“I think you may have something there, my child.” Orlando blew his nose on my towel. Knowing his mood to be fragile, I did not protest. He slung his own towel round his neck and stood up. “Anyway, Fritz deserves the best and somewhere inside me there may be something worth his while.” He put on his Eugene Onegin look – sorrow tempered by newly acquired wisdom – and went thoughtfully away.
One of my favourite, favourite authors for comfort reading, I don’t think I’ve ever read a book by Victoria Clayton that I disliked and her style is so good. A lesser writer wouldn’t have such good rhythm, and a plainer one would have missed out the final “thoughtfully”.
Opera, ballet and country houses often feature in her plots, along with close friendships, surveys of the English gentry and a heroine who is usually uncertain as well as free-spirited.

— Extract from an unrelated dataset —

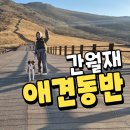 유동농장 | 간월재 애견동반 사슴농장코스 찐후기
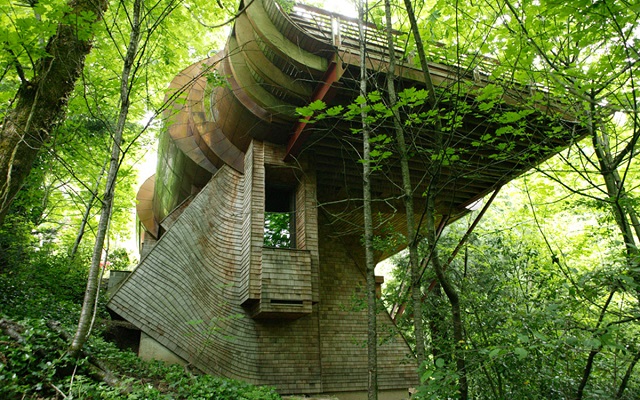 rumah unik wilkinson residence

As with Nancy Mitford and PG Wodehouse, some of her best jokes have become adopted shorthand between my mother and me, in particular the Onegin Look, which features in her book below, whose heroine is a ballerina, hence the O.L. and her own Aurora Smile (a bit much at close quarters, it turns out):
On a separate note, this is so not the kind of title that Clayton would choose that it makes me sad inside to see such an original author forced through the sausage factory of the in-house marketing team and into a frankly dire title and blurb.
I become enraged anyway when I see books with “The Girl’s Guide To…” in the title. It’s so bloody twee, not to say patronising. Manic Pixie Girl probably reads those kinds of books. Grrr.